• _Work required_:
Your answer should repeat exactly the lines from the one holding "brunette woman in" through the end of the data, and it should contain no pictures.

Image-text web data

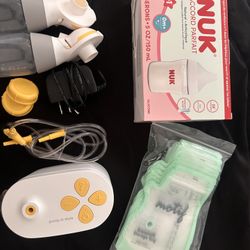 medela breast pump and bottles + storage bags 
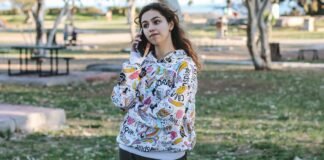 Logo Graphic Hoodie: Trendy Streetwear Style Guide A young woman stands in a park talking on her cellphone, wearing a white hoodie with colorful cartoon designs. Trees, grass, and picnic tables are in the background, with a hint of water in the distance.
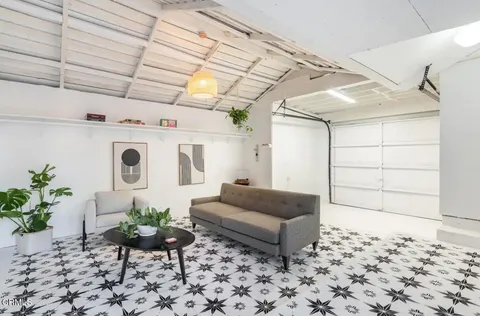 a living room with furniture and flowers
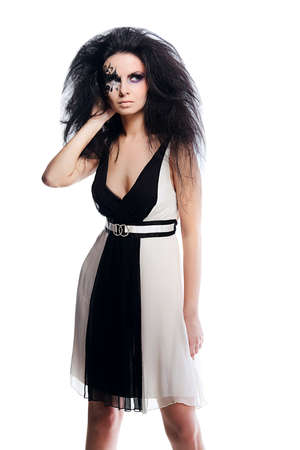 brunette woman in black and white dress with black hair and art make up on white backgroundの写真素材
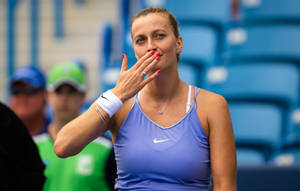 Petra Kvitova Blowing A Kiss During A Tennis Match Wallpaper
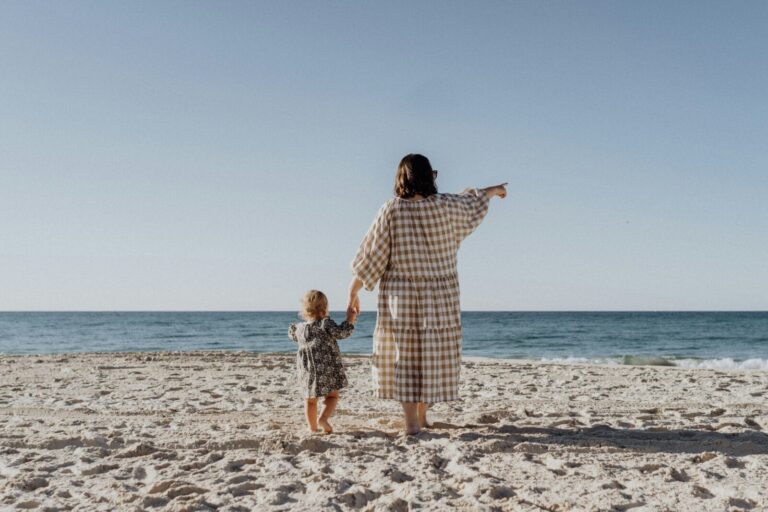 woman holding toddler girl's hand at the beach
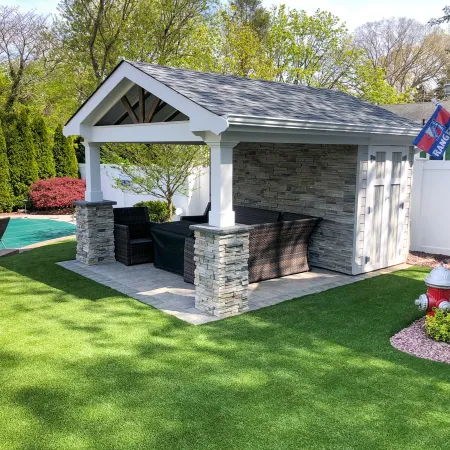 a small building with a small pond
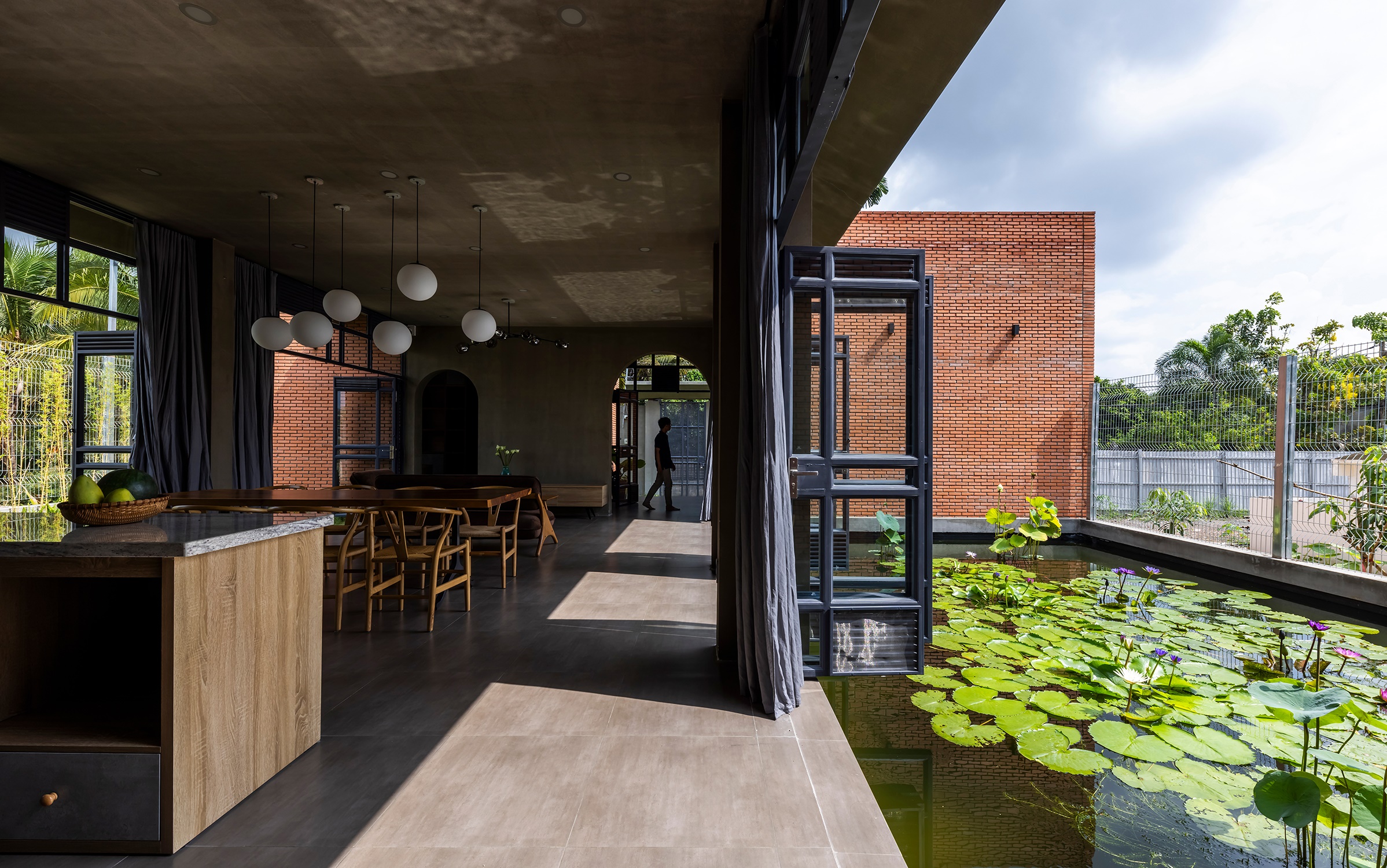 nha gach phong khach nha bep Nam House hien dai nhiet doi CTA | Creative Architects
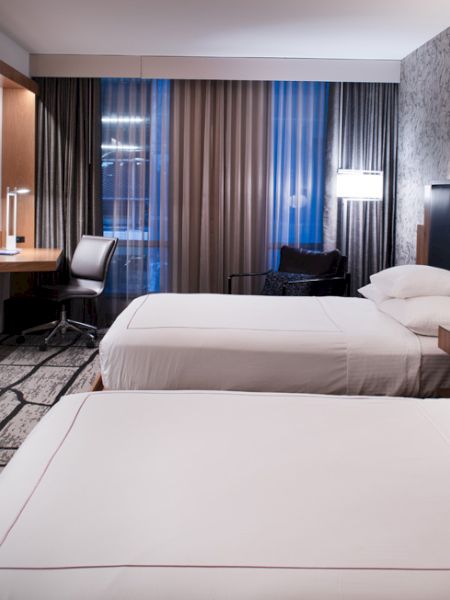 A modern hotel room with two beds, a TV, a desk, and large windows with curtains. Elegant decor includes patterned walls and floor lamps.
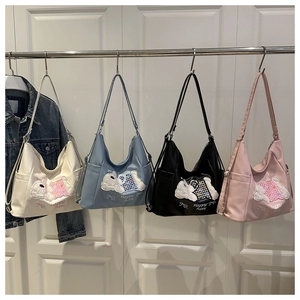 Detail view of large capacity nylon bags in white, blue, black, and pink with puppy embroidery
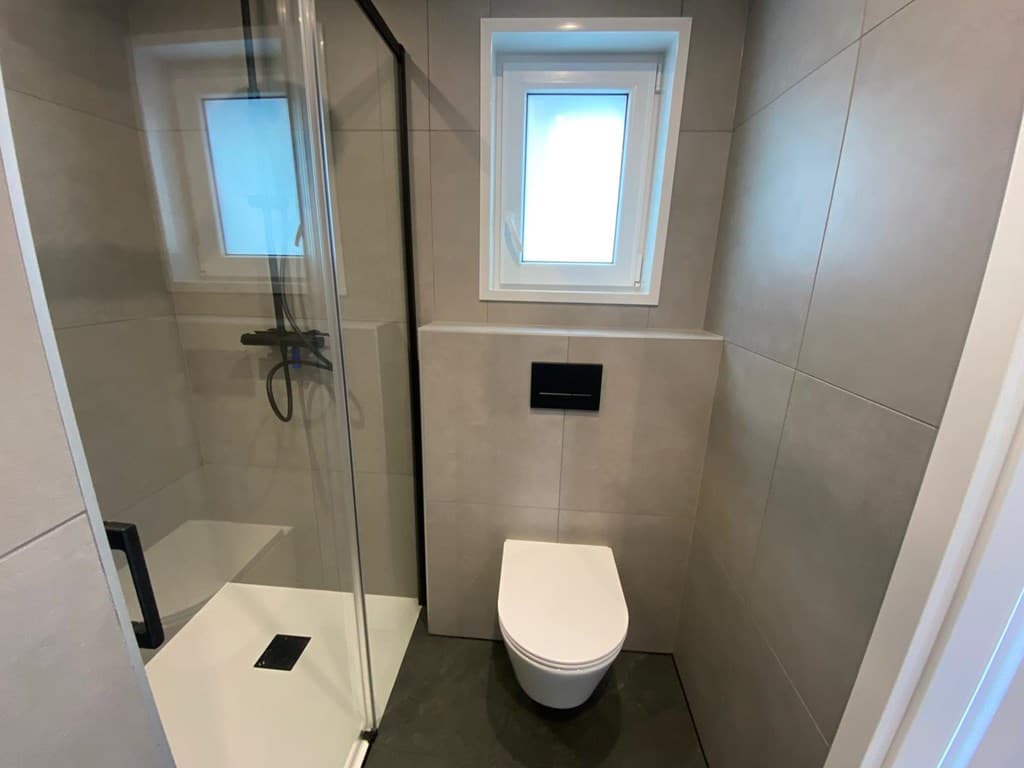 Moderne badkamer met een inloopdouche, wandcloset en een klein raam voor natuurlijk licht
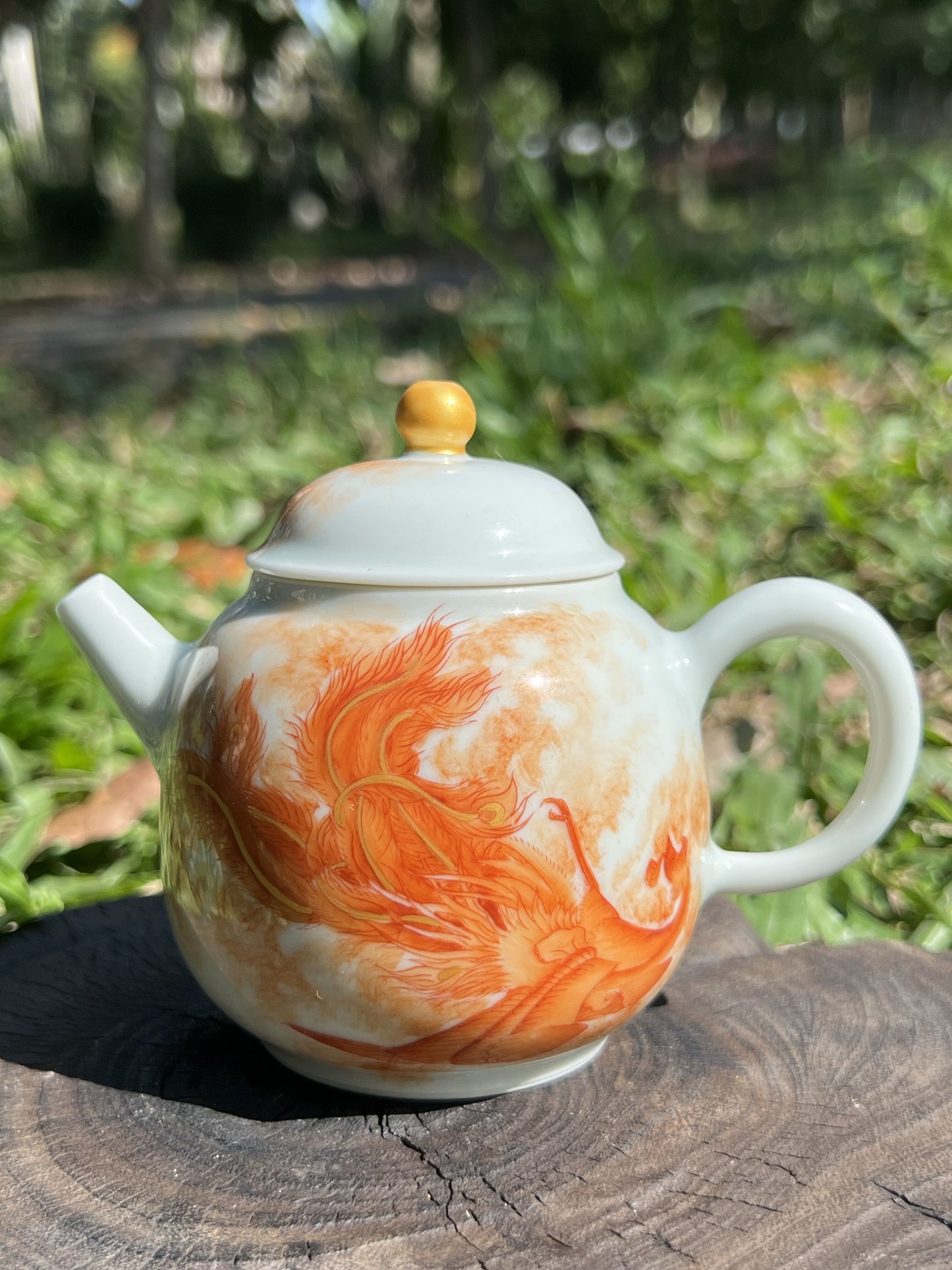 this is a Chinese Jingdezhen alum red phoenix teapot.this is a ceramic teapot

• _Solution for this problem_:
 brunette woman in black and white dress with black hair and art make up on white backgroundの写真素材
 Petra Kvitova Blowing A Kiss During A Tennis Match Wallpaper
 woman holding toddler girl's hand at the beach
 a small building with a small pond
 nha gach phong khach nha bep Nam House hien dai nhiet doi CTA | Creative Architects
 A modern hotel room with two beds, a TV, a desk, and large windows with curtains. Elegant decor includes patterned walls and floor lamps.
 Detail view of large capacity nylon bags in white, blue, black, and pink with puppy embroidery
 Moderne badkamer met een inloopdouche, wandcloset en een klein raam voor natuurlijk licht
 this is a Chinese Jingdezhen alum red phoenix teapot.this is a ceramic teapot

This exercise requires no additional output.